Hey everybody, Ray Lucchese here with Howard Marks here.
Welcome to the next episode of Greybeards on Storage podcast,
a show where we get Greybeards storage bloggers to talk with system vendors
and technologists to discuss upcoming products, technologies, and trends affecting the data
center today. This Greybeard on Storage episode was recorded on January 23rd, 2019.
We have with us here today, Frederick Van Haren, CTO of Hyfence. Frederick's an old friend who's
been on our show before and is focused on AI consulting and services. So Frederick,
why don't you tell us a little bit about yourself and what you've been up to? Sure. As you mentioned, my name is Frederik van Heeren. In a previous life,
I used to build large HPC clusters for speech recognition. I did that for more than a decade
and wanted to do something else. So, I thought it was a grandiose idea to become a consultant.
Think about HPC, big data, AI, that's typically the areas I play in. So what
have I been doing? Well, mostly I've been doing a lot of NDA work for storage vendors,
being startups as well as established vendors. And so the technologies there were typically
NVMe or objects. Those are the kind of the two technologies
that storage vendors really were looking for.
Well, yeah, what's happening at the extremes?
Because we figured the middle out.
Yeah, apparently.
Okay, so disk is not a discussion point.
Okay.
Okay.
So as well as helping vendors and customers with AI projects, right,
going from early stages to complete transformation projects.
But also I've been doing some analyst work really to get some additional name recognition
because you can't get enough of that, right?

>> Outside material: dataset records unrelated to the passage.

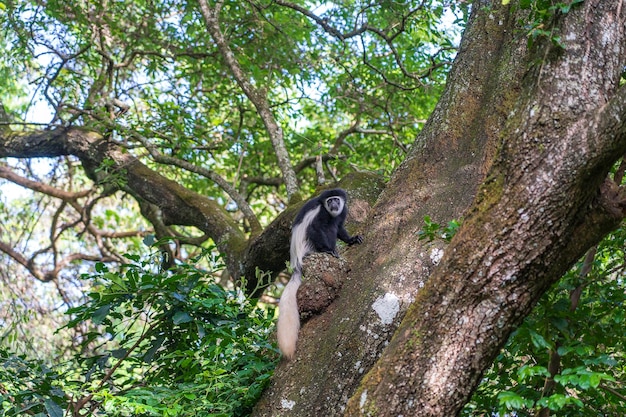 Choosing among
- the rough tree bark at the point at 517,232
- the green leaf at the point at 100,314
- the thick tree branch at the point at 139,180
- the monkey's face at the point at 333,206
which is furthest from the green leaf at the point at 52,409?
the monkey's face at the point at 333,206

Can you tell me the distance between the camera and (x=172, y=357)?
3.06 meters

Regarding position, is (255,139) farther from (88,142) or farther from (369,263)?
(369,263)

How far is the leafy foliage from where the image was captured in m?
2.65

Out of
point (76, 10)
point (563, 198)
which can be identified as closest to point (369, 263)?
point (563, 198)

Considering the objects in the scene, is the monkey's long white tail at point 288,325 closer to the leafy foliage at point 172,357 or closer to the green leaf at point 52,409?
the leafy foliage at point 172,357

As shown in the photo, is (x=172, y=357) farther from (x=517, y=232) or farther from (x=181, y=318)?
(x=517, y=232)

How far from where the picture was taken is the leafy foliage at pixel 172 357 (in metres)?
2.65

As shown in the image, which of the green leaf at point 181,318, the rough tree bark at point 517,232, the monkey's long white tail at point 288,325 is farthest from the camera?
the green leaf at point 181,318

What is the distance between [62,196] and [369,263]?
4.81m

Why do you think we're here?
So we've been hearing for the past year or 18 months a lot from storage vendors about AI and ML applications.
And over and over I get press releases.
Would you like to speak with us about this NVIDIA thing
that we've combined with our storage?
But Ray and I are old,
and so we understand OLTP as a workload,
and we understand VMs as a workload.
How does AI deal with the storage?
How do we keep people running the applications you want to run happy?
Yeah, it's a question, unfortunately, with a very long answer because AI is really…
Well, we got about an hour. look at the definition of AI, or at least most of the implementations today, is really using
human reasoning and create a model to predict the future outcome driven by past events. And
what are past events? Past events really means data. So you're going to use data and process
data as fast as you can in order to get results. That is really AI from a high level. If you, you know, if you,
since we have an hour, I can describe a little bit, you know, the history of AI. So AI is a term
that almost has been around as long as HPC, right? And in the meantime, AI today means something
completely different than it meant in the 50s and the 80s. So in short, let's call traditional AI whatever happened between 1950 and 1980.
And so what happened in those days is if they had a problem to solve,
let's take the game of chess as an example, right?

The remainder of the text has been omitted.